Surna Reports Q3 2017 Results
BOULDER, Colorado, Nov. 14, 2017 /PRNewswire/ — Surna Inc., a manufacturer of a proprietary line of application-specific lighting, environmental control and air sanitation systems for state-regulated cannabis cultivation facilities as well as traditional indoor agricultural facilities (OTCQB: SRNA), announced today operating and financial results for the three and nine months ended September 30, 2017. They will not be hosting a conference call following the release of our financial results.
- Our revenue for the three months ended September 30, 2017 was $1,566,000 an increase of $395,000, or 34%, compared to the three months ended September 30, 2016.
- During the three months ended September 30, 2017, we were awarded new sales contracts totaling $2,385,000, bringing our total new sales contracts awarded for the nine months ended September 30, 2017 to $7,182,000.
- As of September 30, 2017, the unearned contract value of our outstanding sales contracts for which we have received an initial cash deposit increased to $4,311,000 (“Q3 2017 backlog”).
- We realized an operating loss of $1,234,000 for the three months ended September 30, 2017 which includes $626,000 of non-cash, equity-based compensation expenses.
- As of September 30, 2017, our cash balance was $1,301,000, a decrease of 3.9% from our cash balance of $1,353,000 as of June 30, 2017.
Overall, we are pleased with the progress our team has made in the third quarter, particularly with the generation of almost $2.4 million in new sales contracts.

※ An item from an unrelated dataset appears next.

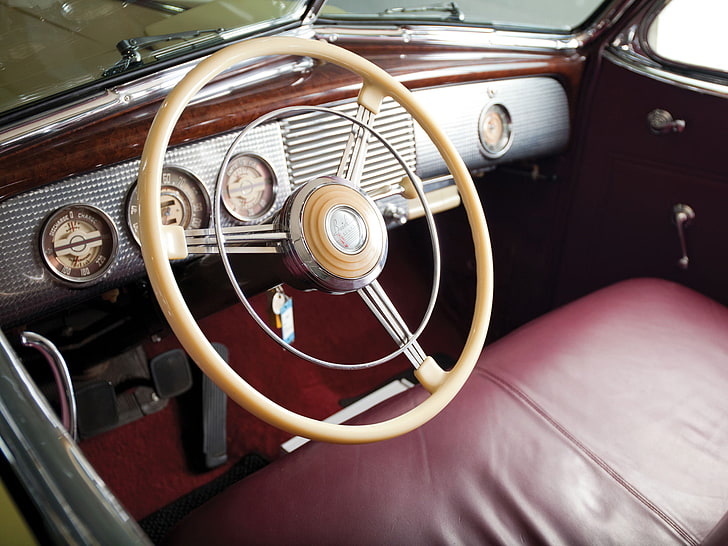 1940, 81da, buick, convertible, fastback, interior, limited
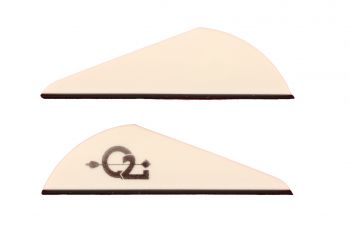 Синтетическое оперение для стрел Q2 Archery  VANES RAPT-X 2" WHITE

Based on the current status of our projects, we are tracking toward the completion of more than half of our current backlog by year’s end.
Chris Bechtel, Surna’s CEO
Despite our third quarter operating loss, our cash balance decreased less than 4%, ending at $1,301,000, with our balance sheet remaining free of any long-term debt.
Results of Operations
Revenue for the three months ended September 30, 2017 was $1,566,000 compared to $1,171,000 for the three months ended September 30, 2016, an increase of $395,000, or 34%.
Cost of revenue increased by 56% from $754,000 for the three months ended September 30, 2016 to $1,175,000 for the three months ended September 30, 2017.
The gross profit for the three months ended September 30, 2017 was $391,000 compared to $417,000 for the three months ended September 30, 2016. Gross profit margin decreased by 11 percentage points from 36% for the three months ended September 30, 2016 to 25% for the three months ended September 30, 2017. This decrease was caused by an unfavorable sales mix of lower margin products (i.e., equipment manufactured by outside vendors) and increased manufacturing overhead compared to the three months ended September 30, 2016.
We sell an integrated solution that can create gross profit margin fluctuations depending on the project design and the mix between our proprietary equipment, which typically generates a higher gross profit margin, and the equipment manufactured by outside vendors, which has a lower gross profit margin.
Operating expenses increased by 148% from $654,000 for the three months ended September 30, 2016 to $1,625,000 for the three months ended September 30, 2017, an increase of $971,000. The operating expense increase consisted of: (i) an increase in selling, general and administrative expenses (“SG&A expenses”) of $862,000, and (ii) an increase in advertising and marketing of $123,000, offset by (iii) a decrease in product development expense of $15,000.
The increase in SG&A expenses for the three months ended September 30, 2017 compared to the three months ended September 30, 2016 is due primarily to: (i) an increase of $452,000 in equity-related employee compensation, (ii) an increase of $220,000 in salaries and benefits, (iii) an increase of $115,000 in legal and consulting fees, and (iv) an increase of $113,000 in cash and equity-based director fees.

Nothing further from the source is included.